One of the many reasons White continues to impress me is that she refers to encaustic-covered photos as “encaustic photos” instead of some variant, such as “encaustic on panel.” This was an important issue in the Seattle area when I was a curator and art dealer there, because encaustic was hip, hot and often misleadingly presented. (Encaustic is a painting medium that combines beeswax and resin and has hardly changed in the past 2,000 years). This mattered because artists would cover photographs with encaustic and the viewers (and collectors) would often be misled into thinking what they were seeing was encaustic painting.

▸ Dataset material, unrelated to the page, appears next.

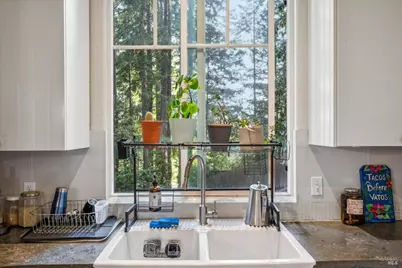 17506 Summit Avenue, Guerneville, CA 95446 - Photo 11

As part of this discussion, in 2000 I published a piece called “The Cultural Status of Painting” in which I argued that painting was “appropriately humbling itself to the level of craft.” I stand by that – particularly regarding material-oriented abstraction like the paintings by Betsy Eby now on view at CMCA. Eby was one of the many Seattle artists I was talking about, but her work even then firmly espoused the decorative and craft-friendly qualities that have been strong and healthy threads within American painting.
In Seattle, where encaustic was all the rage, it was easier to see the painterly content of Eby’s work. At CMCA, unfortunately, the presentation devolves a bit into the “Look – encaustic!” approach I have complained about in exhibitions of works dedicated to the medium. The wound is self-inflicted: Eby presents an eight-minute film about herself that practically forces the viewer to see her as a craft artist by dwelling on the subject of technique.
To conflate technique with content is what I call “the craft mistake.” As a longtime fan of Maine abstraction – and Eby’s painting – this feels like a frustrating missed opportunity.
It’s unfortunate that it becomes too easy to overlook Eby’s content. The CMCA’s installation is elegant because it turns on another hip (and troubled) subject: Ekphrasis, or art in one medium about another, like a poem about a Grecian urn or, in this case, paintings about music.
With titles like “First Variation on a Dvorak Tone Poem,” it’s clear Eby wants the viewer to see her work as paintings about music. It’s a troubling topic, however, since it requires the viewer to be a critic of both music and art. The result is disappointing: The image of the music appears as a single narrative strand, a butterfly fluttering across the painterly space, whereas Dvorak plays with phrases, inverting, echoing and twisting them to tease our memories in real time.
Eby is an accomplished pianist (as she tells us in her slick catalog and video and proves with a nicely restrained performance of “In a Landscape” by John Cage), but this too harkens back to the unresolved craft-versus-art question: Is playing an instrumental part as written by a composer closer to artistry or craft? (As a musician and craft fan, I think this is an interesting but easy question.)
In terms of the public audience, I think the response to Eby’s show will be mixed. If you are seeking beauty and serenity or exquisite craftsmanship, you find it. But if you are allergic to pretension, don’t forget the Benadryl.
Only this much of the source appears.